~~$26.99~~ $24.02

## Description

Introduction

This homework will focus on writing functions on lists and proving properties of them. This homework is longer and harder than the previous two: start early!

1.1 Getting The Homework Assignment

The starter files for the homework assignment have been distributed through our git repos- itory, as usual.

1.2 Submitting The Homework Assignment

Submissions will be handled through Autolab, at

https://autolab.cs.cmu.edu

In preparation for submission, your hw/03 directory should contain a file named exactly

hw03.pdf containing your written solutions to the homework.

To submit your solutions, run make from the hw/03 directory (that contains a code folder and a file hw03.pdf). This should produce a file hw03.tar, containing the files that should be handed in for this homework assignment. Open the Autolab web site, find the page for this assignment, and submit your hw03.tar file via the “Handin your work” link.

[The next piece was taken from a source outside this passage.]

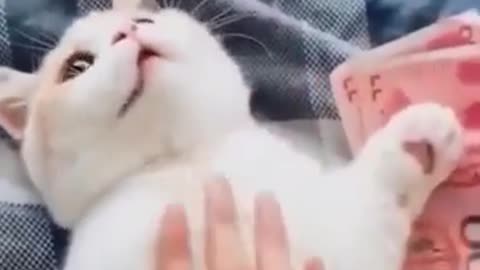 Funny Cats & Dogs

The Autolab handin script does some basic checks on your submission: making sure that the file names are correct; making sure that no files are missing; making sure that your code compiles cleanly. Note that the handin script is not a grading script—a timely submission that passes the handin script will be graded, but will not necessarily receive full credit. You can view the results of the handin script by clicking the number corresponding to the “check” section of your latest handin on the “Handin History” page. If this number is −10.0, your submission failed the check script; if it is 0.0, it passed.

Remember that your written solutions must be submitted in PDF format—we do not accept MS Word files or other formats.

Your hw03.sml file must contain all the code that you want to have graded for this assignment, and must compile cleanly. If you have a function that happens to be named the same as one of the required functions but does not have the required type, it will not be graded.

1.4 Methodology

You must use the five step methodology discussed in class for writing functions, for every

function you write in this assignment. Recall the five step methodology:

- In the first line of comments, write the name and type of the function.

- In the second line of comments, specify via a REQUIRES clause any assumptions about the arguments passed to the function.

- In the third line of comments, specify via an ENSURES clause what the function com- putes (what it returns).

- Implement the function.

- Provide testcases, generally in the format

val <return value> = <function> <argument value>. For example, for the factorial function presented in lecture:

(* fact : int -> int

* REQUIRES: n >= 0

* ENSURES: fact(n) ==> n!

*)

fun fact (0 : int) : int = 1

| fact (n : int) : int = n * fact(n-1) (* Tests: *)

val 1 = fact 0

val 720 = fact 6

2 Zippidy Doo Da

It’s often convenient to take a pair of lists and make one list of pairs from it. For instance, if we have the lists

[“a”, “b”] and [5, 1, 2, 1]

we might be interested in the list

[(“a”, 5), (“b”, 1)]

Task 2.1 (5%). Write the function

zip : string list * int list -> (string * int) list

that performs the transformation of pairing the nth element from the first list with the nth element of the second list. If your function is applied to a pair of lists of different lengths, the length of the returned list should be the minimum of the lengths of the argument lists.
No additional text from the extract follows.